Che grande concezione dell’uomo!: “a somiglianza di Dio”. Ecco preannunciate sia la realtà che le potenzialità dell’uomo. Dalla creazione l’uomo è come Dio, porta l’immagine di Dio. Vale a dire, l’uomo, poiché è uno spirito vivente, è dello stesso “tipo” di Dio, che è, anch’Egli, Spirito (Giovanni 4:24). Pertanto, poiché l’uomo è in realtà come Dio, sia Dio che uomo desiderano l’amicizia l’uno con l’altro: Dio come Padre spirituale e l’uomo come figlio spirituale. ”Tu ci hai creati per te stesso e le nostre anime irrequiete non possono trovare riposo fino a quando non riposano in Te.” A causa di questa parentela l’uomo è potenzialmente simile a Dio, alla sua natura o al suo carattere.
L’Apostolo Pietro espresse questo pensiero così:
“Voi diventaste partecipi della natura divina dopo essere sfuggiti alla corruzione che è nel mondo a causa della concupiscenza” (2 Pietro 1:4).
Gesù lo disse con altre parole: “Voi dunque siate perfetti, come è perfetto il Padre vostro celeste” (Matteo 5:48).

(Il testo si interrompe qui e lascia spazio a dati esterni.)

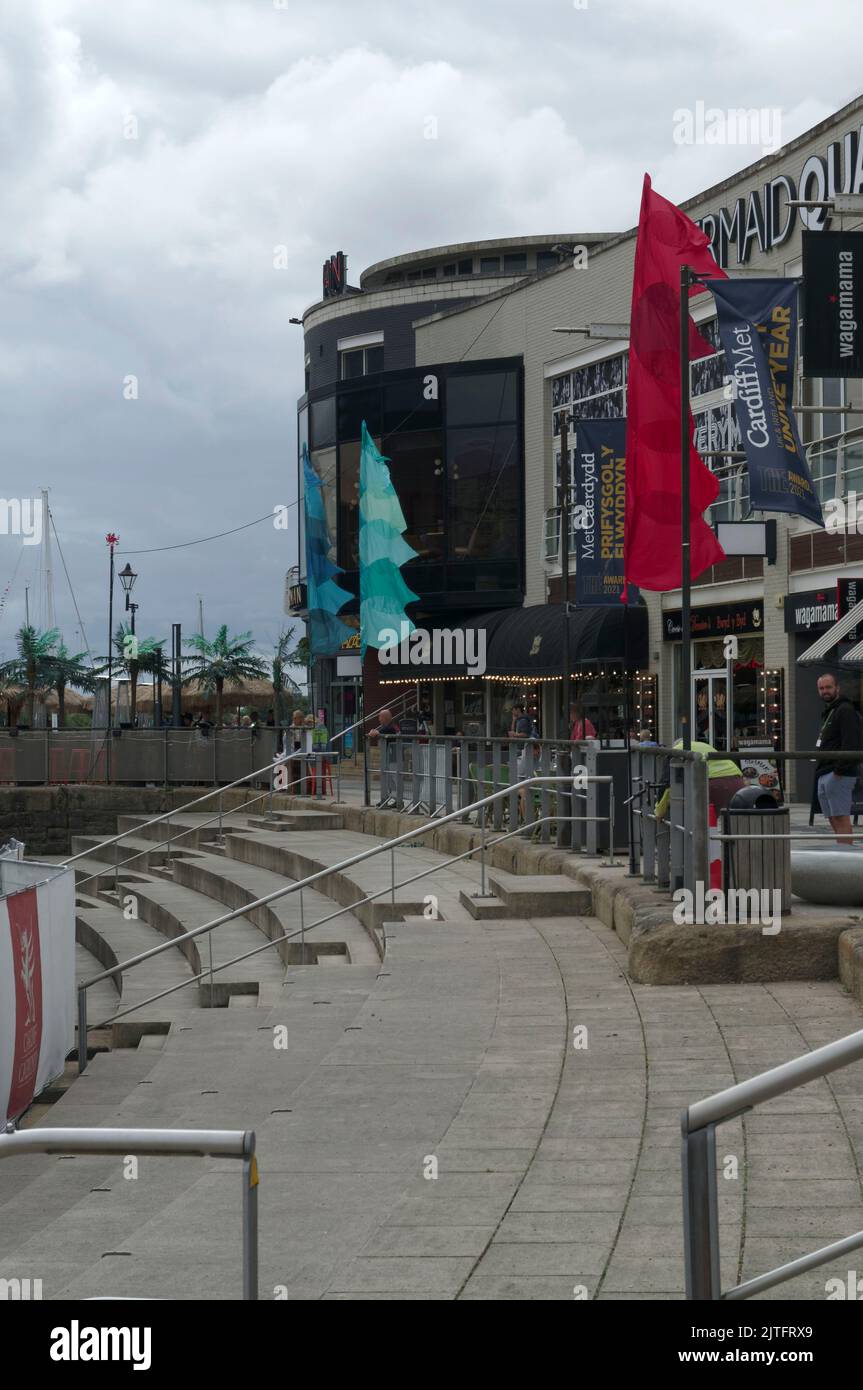 Cafés, bars et restaurants, théâtre Everyman. Baie de Cardiff 2022 Banque D'Images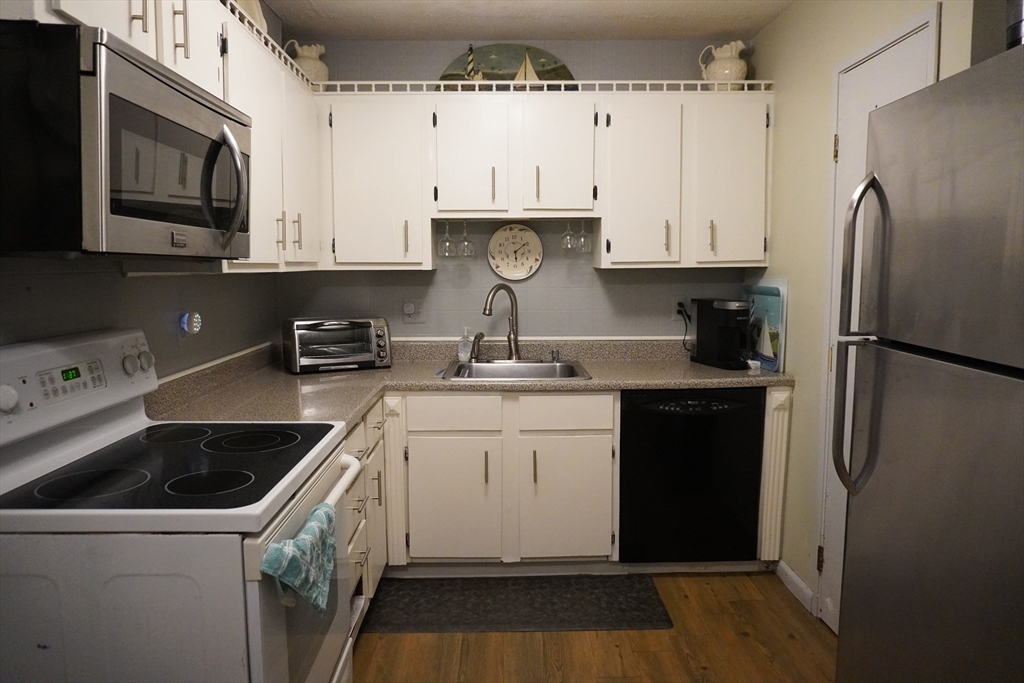 7 Chapel Hill Dr 11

Dominio, libertà, responsabilità
In realtà l’uomo è come Dio, uno spirito vivente. Potenzialmente l’uomo può diventare come Dio, quando è “partecipe della natura divina”. Davanti a Dio, l’uomo è responsabile per ciò che è; ma l’uomo è anche reso libero rispetto a ciò che può diventare (nel bene o nel male). Pertanto, l’uomo è responsabile sotto l’assoluta sovranità di Dio, ma anche è libero sotto l’assoluta grazia di Dio. Solo la sovranità assoluta può applicare la grazia assoluta e quindi creare una relazione che coinvolge allo stesso tempo, sia la responsabilità assoluta che la libertà assoluta (dell’uomo). D’altra parte, solo la sovranità assoluta può esercitare la grazia assoluta in modo da lasciare all’uomo la libertà assoluta e allo stesso tempo stabilire la sua responsabilità assoluta. Mettere in dubbio la responsabilità (come autorità) dell’uomo significa, in definitiva, mettere in dubbio la sovranità di Dio; mettere in dubbio la libertà dell’uomo significa non tener conto della grazia di Dio. La presenza della responsabilità e della libertà nell’uomo non è più paradossale di quanto lo sia la presenza della sovranità e della grazia in Dio. Quindi, l’obbedienza non nega, nell’uomo, la grazia di Dio più di quanto la libertà nell’uomo neghi la sovranità di Dio. Davvero, che grande creatura è l’uomo! Che sfida nobilitante è la libertà! Che umiliante realizzazione, la sua responsabilità! Che grande motivazione ed equilibrio per ambedue, la sovranità e la grazia di Dio!
Il peccato
La caduta
La più grande tragedia dei tempi è scritta nella più grande storia dell’umanità: la libera iniziativa morale sotto la sovranità e la grazia di Dio. La stessa libertà che ha contraddistinto l’uomo come unica tra le creature di Dio è diventata il terreno da cui è scaturito il peccato, nemico di Dio e flagello dell’umanità.
La maledizione
Quando Adamo peccò, fu cacciato dall’Eden e separato dall’”Albero della vita”. Di conseguenza divenne soggetto alla morte, così come tutti i suoi discendenti.Dopo la caduta, il corpo di Adamo non era più mortale di prima; era semplicemente separato dalla fonte dell’immortalità. Tale è la condizione di tutti gli uomini fino a quando non gli sarà concesso di nuovo il diritto all’albero della vita e potrà entrare “nella città”, nella terra promessa.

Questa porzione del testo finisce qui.